Tuesday, July 8, 2008

Jaarcongres GBO

Op 10 april 2008 vond het jaarcongres plaats van GBO, gemeenschappelijke beheerorganisatie Overheid, die infrastructuren voor e-overheid beheert. De bekendste daarvan is DigiD, waarmee ieder burger toegang krijgt tot elektronische overheidsdiensten. Trots werd gemeld, dat het aantal deelnemers aan het jaarcongres snel stijgt en vergeleken met vorig jaar was gestegen van van 200 naar 300. Plaats van handelen was de Amsterdam Arena en ik zag er diverse bekenden van UWV, Belastingdienst, BKWI e.a.

De opening werd gedaan door staatssecretaris Ank Bijleveld (een Twentesupporter die het heerlijk vond om in de Amsterdam Arena de recente nederlaag van Ajax tegen Twente te memoren), een aansprekende persoon met inhoud en met enthousiasme.
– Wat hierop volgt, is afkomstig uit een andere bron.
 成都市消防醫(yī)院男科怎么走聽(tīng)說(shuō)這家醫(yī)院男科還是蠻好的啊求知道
Er was een stevig programma
en oude bekenden memoreerden de vooruitgang; Cor Franke, voorzitter van de Raad van Toezicht, gebruikte een uitspraak die hij had onthouden van CWI:
“Als je ziet waar we twee jaar geleden stonden, dan kunnen we vandaag tevreden zijn.
Maar als we volgend jaar nog steeds hier staan, dan hebben we een probleem.”
In veel grootschalige veranderprocessen geldt deze vaststelling. Eigenlijk betekent het, dat je positief denkend de vooruitgang moeten willen zien, maar dat je anderzijds niet zelfgenoegzaam mag worden. Je moet dóór willen gaan, want dat soort veranderprocessen duren niet 6 maanden (zoals sommige consultantsfirma’s wel eens op hun powerpoint slides suggereren), maar eerder 6 jaar.
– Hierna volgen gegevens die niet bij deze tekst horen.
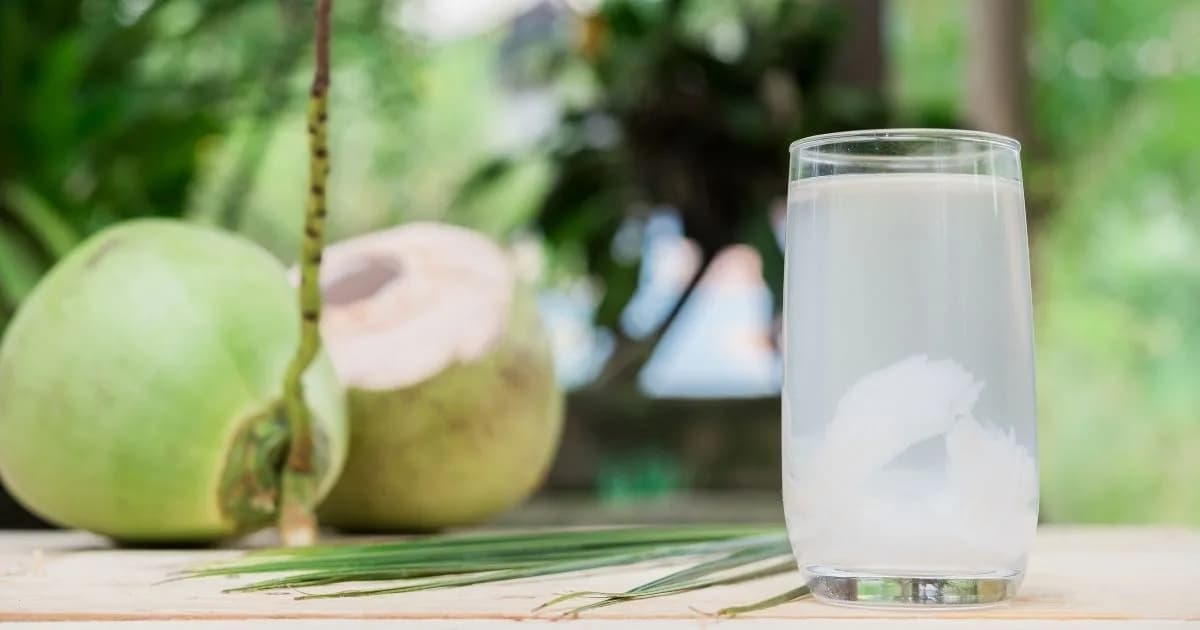 Coconut Water with Pulp Experience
Een flitsende dame van een BD managementteam entameerde een discussie met stellingen.
Ik vond eerlijk gezegd, de stellingen nogal aanbod-gedreven c.q. technology-driven. Bijvoorbeeld de stelling “De ontwikkeling van de e-overheid in Nederland speelt zich af in de blessuretijd.”
Want hoewel de e-overheid zich gestaag ontwikkelt, is het tempo laag. Maar zou dat niet voor een belangrijk deel worden bepaald door het verandervermogen van de burger? De staatssecretaris gaf m.i. terecht aan, dat de ontwikkeling van de e-overheid uiteindelijk alleen bedoeld is voor de burger. En volgens mij is dé burger niet de kleine groep hoger opgeleide mensen en ook niet de aanstormende jeugd, die de technologie spelenderwijs beheerst. Heel veel mensen, we kennen ze allemaal in onze eigen familie- en kennissenkring, zijn onwennig om via een machine-interface hun behoefte aan informatie en diensten te regelen. En door die overwegingen vond ik de stellingen vanuit GBO ietwat te veel technology-driven.
Behalve die onwennigheid speelt ook nog, dat een burger écht gemak moet hebben van de e-dienstverlening. Persoonlijk bedenk ik mij, dat ik al 15 jaar ontzettend blij ben met de faciliteiten die de Belastingdienst aanbiedt voor de Inkomstenbelasting. Het tijdperk daarvoor herinnerde ik mij als een taaie exercitie met formulieren en papier; de floppies en later internet hielpen mij echt. Want je kunt het werk afbreken wanneer je wilt, omdat alles keurig wordt bewaard. En de handelingen als optellen, aftrekken, overbrengen van gegevens naar het juiste vakje, worden door het programma foutloos voor je gedaan. Terecht merkte de directeur van GBO in zijn inleiding op, dat de Belastingdienst massieve impulsen heeft gegeven aan de e-overheid in Nederland.
Maar als ik mij daarentegen afvraag, hoe vaak ik bij gemeente of provincie kom voor een dienst, dan is het antwoord: zelden of nooit. Als daar dus de e-overheid wat achterblijft, dan mis ik dat niet. Hoewel ik natuurlijk wel vind, dat ook díe diensten een digitaal platform verdienen. Maar wat mij betreft met een getemporiseerde snelheid, want anders gaat het toch alleen maar fout.
N.B. Heel recent heb ik de website van de gemeente Zeist gebruikt om de hondenbelasting af te melden. En ik moet zeggen, dat dit voor de burger een handige faciliteit is. En hopelijk ook een stroomlijning voor de administratieve afhandeling binnen het gemeentehuis.